3.24.2010
Sexy Beast
Vamos começar com uma fórmula. Muitos cinéfilos gostam de fórmulas. Eu gosto de fórmulas. Sexy Beast (2000), obra de estreia de Jonathan Glazer, realizador já aqui por mim elogiado a propósito do seu segundo filme, Birth (2004), pode ser antecipado como o cruzamento de Donnie Darko (2001) com o último Jim Jarmusch, The Limits of Control (2009). As terras de Espanha, que para nos pouparmos a esforços vêm exercendo fascínio sobre "tough guys" pelo menos desde a atracção de Hemingway por touradas, assumem no filme de Glazer o lugar do possível paraíso segundo parâmetros dos gangsters na reforma que para lá se mudaram com as respectivas mulheres. A villa junto ao mar pertence a Gary "Gal" Dove (Ray Winstone), que no início quase que é esmagado por um pedregulho que se aloja no fundo da piscina. O calhau gigante, incrustado entre dois corações, o de Gal e o de Deedee, funciona como prenúncio da chegada de Don Logan (Ben Kingsley, numa muito interessante inversão de papéis: como se Kingsley fizesse o que esperaríamos de Winstone e vice-versa), que vem recrutar os serviços de Gal para um último assalto e que está pronto a coagi-lo com o que tiver de ser para que este suspenda a existência idílica à torreira do sol.

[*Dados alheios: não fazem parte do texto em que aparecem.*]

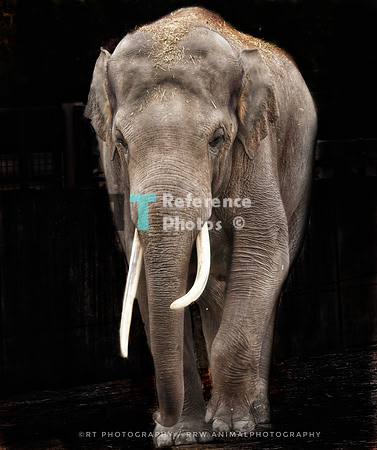 Asian elephant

Sexy Beast é estilizado como um filme dos Coen e faz também lembrar o neo-noir de Soderbergh de 1999, chamado The Limey (que por sua vez remete para The Hit (1984) de Stephen Frears, cuja acção se passava algures em Espanha). Feito o varrimento sumário pela genealogia, é finalmente Guy Ritchie quem sai pela porta pequena. É que Jonathan Glazer, apesar dos indícios de deslumbramento com o potencial expressivo do cinema versus o tom pessoal que melhor serve cada cena, algures entre Tarantino e a sua versão empobrecida pela filmografia de Ritchie, tem logo no primeiro filme um sentido apurado de criação de atmosferas e de instantes inesperados que imprimem a Sexy Beast um cunho individual embora rapsódico. O filme não se esgota no brilhantismo formal. Tem dois protagonistas, Gal e Don, que subvertem o estereótipo da fisionomia, e à medida que a acção se encaminha para o inevitável golpe outras motivações, como o amor, ganham relevo.
Quando um coelho com corpo de homem se dirige montado num burro e empunhando uma metralhadora na direcção de Gal, não conseguimos deixar de conceber esta figura de gangster aposentado como a versão alternativa de Dom Quixote para quem os moinhos da fortuna andarão à roda uma derradeira vez.